Potrebbe essere tradotto con quella nostra espressione che qualche volta pronunciamo: “Ho incontrato la tale persona, che non va in chiesa, ma devo dire che si comporta meglio di tanti cristiani praticanti”.
Ora, rivediamo come si è svolto l’episodio.
Dobbiamo subito dire che è stata una donna molto coraggiosa, come del resto lo è ogni madre disperata che, davanti alla salute di un figlio, è pronta a fare di tutto.
Pur sapendo che Gesù era venuto per le pecore perdute della casa di Israele, e pur sentendosi ripetere lo stesso ritornello, anche con un linguaggio che a prima vista potrebbe sembrare alquanto duro: “Non è bene prendere il pane dei figli per darlo ai cagnolini”, ella continua a gridare.
Da notare che l’atteggiamento e la risposta di Gesù, non contiene ostilità, indifferenza o durezza, serve piuttosto per mettere alla prova la fede della donna.
Notando come essa non desiste, colpito proprio dalla sua grande fede, Gesù compie il miracolo.
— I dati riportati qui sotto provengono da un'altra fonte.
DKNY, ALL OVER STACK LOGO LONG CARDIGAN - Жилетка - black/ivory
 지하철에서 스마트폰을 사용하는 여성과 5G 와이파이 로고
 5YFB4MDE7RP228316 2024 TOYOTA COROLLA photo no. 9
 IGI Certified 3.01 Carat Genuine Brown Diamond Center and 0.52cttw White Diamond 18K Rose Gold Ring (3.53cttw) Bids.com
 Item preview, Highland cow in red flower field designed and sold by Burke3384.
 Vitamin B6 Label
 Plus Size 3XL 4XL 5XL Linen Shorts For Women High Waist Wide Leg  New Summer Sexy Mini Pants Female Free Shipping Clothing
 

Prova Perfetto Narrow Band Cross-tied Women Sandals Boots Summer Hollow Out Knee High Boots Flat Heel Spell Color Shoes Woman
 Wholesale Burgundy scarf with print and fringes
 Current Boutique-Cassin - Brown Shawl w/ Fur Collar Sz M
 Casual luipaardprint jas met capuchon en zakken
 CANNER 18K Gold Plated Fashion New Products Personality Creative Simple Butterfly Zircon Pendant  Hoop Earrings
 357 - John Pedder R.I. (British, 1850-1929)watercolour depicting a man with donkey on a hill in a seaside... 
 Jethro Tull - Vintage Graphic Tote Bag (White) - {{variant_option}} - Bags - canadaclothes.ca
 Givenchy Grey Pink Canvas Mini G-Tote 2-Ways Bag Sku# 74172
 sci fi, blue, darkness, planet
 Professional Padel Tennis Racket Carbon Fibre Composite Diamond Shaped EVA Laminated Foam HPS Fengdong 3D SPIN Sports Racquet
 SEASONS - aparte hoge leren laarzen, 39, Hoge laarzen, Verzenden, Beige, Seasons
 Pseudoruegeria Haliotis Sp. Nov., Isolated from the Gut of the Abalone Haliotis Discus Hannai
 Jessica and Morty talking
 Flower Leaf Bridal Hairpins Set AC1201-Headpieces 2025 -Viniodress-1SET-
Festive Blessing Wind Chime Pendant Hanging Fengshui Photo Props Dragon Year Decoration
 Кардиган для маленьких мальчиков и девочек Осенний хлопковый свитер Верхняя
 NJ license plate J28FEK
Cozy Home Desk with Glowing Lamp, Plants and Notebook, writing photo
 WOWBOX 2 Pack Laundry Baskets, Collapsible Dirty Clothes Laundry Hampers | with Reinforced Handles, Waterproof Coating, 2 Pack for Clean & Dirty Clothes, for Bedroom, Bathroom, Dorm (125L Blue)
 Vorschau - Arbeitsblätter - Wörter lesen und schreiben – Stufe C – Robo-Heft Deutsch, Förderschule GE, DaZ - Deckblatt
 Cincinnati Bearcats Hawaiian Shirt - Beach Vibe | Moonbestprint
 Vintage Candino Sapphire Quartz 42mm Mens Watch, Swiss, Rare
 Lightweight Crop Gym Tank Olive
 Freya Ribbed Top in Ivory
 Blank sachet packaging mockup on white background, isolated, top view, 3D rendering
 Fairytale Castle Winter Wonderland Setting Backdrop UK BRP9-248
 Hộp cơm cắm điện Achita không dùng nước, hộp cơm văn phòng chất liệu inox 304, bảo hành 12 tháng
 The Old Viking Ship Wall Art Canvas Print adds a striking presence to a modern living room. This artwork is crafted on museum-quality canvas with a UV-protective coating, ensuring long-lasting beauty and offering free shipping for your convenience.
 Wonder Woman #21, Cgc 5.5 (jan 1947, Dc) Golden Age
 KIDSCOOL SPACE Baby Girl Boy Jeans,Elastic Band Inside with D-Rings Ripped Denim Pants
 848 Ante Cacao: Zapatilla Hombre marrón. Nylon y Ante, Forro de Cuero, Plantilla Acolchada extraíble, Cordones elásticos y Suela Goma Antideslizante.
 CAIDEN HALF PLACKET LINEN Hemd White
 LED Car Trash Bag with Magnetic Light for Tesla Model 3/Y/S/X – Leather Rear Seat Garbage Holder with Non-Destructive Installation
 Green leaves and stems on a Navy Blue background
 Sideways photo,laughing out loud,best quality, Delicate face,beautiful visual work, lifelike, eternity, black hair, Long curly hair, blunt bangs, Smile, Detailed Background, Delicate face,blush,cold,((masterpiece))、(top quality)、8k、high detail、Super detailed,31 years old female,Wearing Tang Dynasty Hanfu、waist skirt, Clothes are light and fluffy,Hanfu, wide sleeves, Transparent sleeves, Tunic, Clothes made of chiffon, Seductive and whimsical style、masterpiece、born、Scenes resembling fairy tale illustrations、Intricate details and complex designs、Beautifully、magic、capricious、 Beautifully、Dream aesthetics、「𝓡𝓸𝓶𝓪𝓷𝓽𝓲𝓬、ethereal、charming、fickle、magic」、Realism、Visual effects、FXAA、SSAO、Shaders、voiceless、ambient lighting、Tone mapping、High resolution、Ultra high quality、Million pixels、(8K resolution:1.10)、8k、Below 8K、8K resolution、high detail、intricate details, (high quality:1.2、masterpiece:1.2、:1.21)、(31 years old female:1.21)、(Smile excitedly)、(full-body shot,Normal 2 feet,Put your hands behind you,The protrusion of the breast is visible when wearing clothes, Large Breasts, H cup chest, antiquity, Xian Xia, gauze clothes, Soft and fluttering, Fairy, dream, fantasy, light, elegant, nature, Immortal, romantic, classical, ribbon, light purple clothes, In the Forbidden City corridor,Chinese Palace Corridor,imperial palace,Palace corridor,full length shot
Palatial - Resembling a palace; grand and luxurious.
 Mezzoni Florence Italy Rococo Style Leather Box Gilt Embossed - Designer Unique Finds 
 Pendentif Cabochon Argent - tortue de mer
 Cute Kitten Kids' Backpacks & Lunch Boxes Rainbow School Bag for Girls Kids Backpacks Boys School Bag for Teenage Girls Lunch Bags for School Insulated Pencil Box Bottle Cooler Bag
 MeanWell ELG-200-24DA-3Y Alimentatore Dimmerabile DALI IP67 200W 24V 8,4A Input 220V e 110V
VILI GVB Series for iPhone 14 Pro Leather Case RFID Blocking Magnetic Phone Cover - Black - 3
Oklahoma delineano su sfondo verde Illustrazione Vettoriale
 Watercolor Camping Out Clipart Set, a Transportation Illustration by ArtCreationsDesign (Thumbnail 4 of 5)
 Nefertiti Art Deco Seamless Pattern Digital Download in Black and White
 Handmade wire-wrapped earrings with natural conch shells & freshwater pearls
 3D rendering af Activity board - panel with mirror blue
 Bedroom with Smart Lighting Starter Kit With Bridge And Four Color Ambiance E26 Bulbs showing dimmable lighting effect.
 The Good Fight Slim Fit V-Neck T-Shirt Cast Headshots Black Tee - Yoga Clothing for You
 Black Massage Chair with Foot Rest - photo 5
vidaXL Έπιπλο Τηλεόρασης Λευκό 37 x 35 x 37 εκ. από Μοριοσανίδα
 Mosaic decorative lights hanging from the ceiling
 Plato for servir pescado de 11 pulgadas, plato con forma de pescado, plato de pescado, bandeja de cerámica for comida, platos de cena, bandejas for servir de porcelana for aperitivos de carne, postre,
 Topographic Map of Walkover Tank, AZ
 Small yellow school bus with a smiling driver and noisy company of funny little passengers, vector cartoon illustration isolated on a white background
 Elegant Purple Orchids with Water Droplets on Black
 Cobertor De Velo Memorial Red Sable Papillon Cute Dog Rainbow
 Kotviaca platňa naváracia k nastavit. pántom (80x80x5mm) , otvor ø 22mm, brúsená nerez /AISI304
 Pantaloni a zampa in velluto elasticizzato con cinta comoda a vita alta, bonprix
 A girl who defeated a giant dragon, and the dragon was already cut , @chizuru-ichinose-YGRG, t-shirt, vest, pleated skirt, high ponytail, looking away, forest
Invece, i discepoli sono preoccupati per tutt’altro. Sono infastiditi e si sentono molestati dalle richieste della donna, tanto più perché non appartiene al loro popolo.
In altre parole, sono ancora incapaci di provare vera pietà e compassione per i mali del mondo; devono ancora crescere e capire che il Signore li chiama a prendere su di sé il dolore di tutti gli uomini.
Quale insegnamento e applicazione per noi?
L’ho già accennato: il Signore ci dice di fare attenzione a come valutiamo gli altri. Infatti, forse proprio quelli che riteniamo lontani dal Signore, o per lo meno dalla pratica religiosa, possono darci grande lezione di fede.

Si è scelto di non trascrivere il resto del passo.